New Mexico gets its second sportsbook

New Mexico gets its second sportsbook

Santa Ana Pueblo launched New Mexico’s first sportsbook in October of last year at the Santa Ana Star Casino Hotel. It got the jump on other tribes in the state and was able to operate as the sole sportsbook in New Mexico—until now. The Pojoaque Pueblo tribe introduced its own sportsbook, and the second in the state, this past Monday. The local market is just starting to pick up and odds are great that additional competition will soon follow.

New Mexico gets its second sportsbookThe sportsbook is being managed through a partnership between the tribe, the owners of National Sports Book Management (NSBM) and South Point Hotel & Casino and is operating from the Hilton Buffalo Thunder Resort & Casino in Santa Fe. It is the largest casino in Northern New Mexico and is the first to offer wagers on both sports and races.

NSBM co-founder John Gaughan will see his other company, Las Vegas Dissemination Company, provide a suit of solutions for the sportsbook and for pari-mutuel races. It will install gambling kiosks and offer hardware and software support and will incorporate technology provided by the Stadium Technology Group.

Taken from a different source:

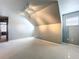 Gray bedroom with a vaulted ceiling, window, and doorway to an adjacent room at 24314 Landing Dr, Lutz, FL 33559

Since the U.S. Supreme Court reversed the Professional and Amateur Sports Protection Act of 1992 (PASPA) last May, only a few states have already implemented legalized sports gambling, but more are prepared to follow. New Mexico does not have any legislation in place that specifically addresses the activity; however, state lawmakers have interpreted compacts between the tribes and the state as giving the tribes the green light to launch their own sports gambling solutions.

According to New Mexico Attorney General spokesman David Carl, “Sports betting at the Santa Ana Star Casino is governed by the Pueblo of Santa Ana Gaming Regulatory Commission. As such, we will closely monitor New Mexico’s tribal gaming compacts and work with the legislature for proper statutory and regulatory oversight to require responsible gaming and enhanced integrity to create an even playing field for all.”

With two tribes already signed on to offer sports gambling, it’s certainly possible that the market is going to see more competition soon. There are 23 Indian tribes in the state and, of these, 14 own casinos.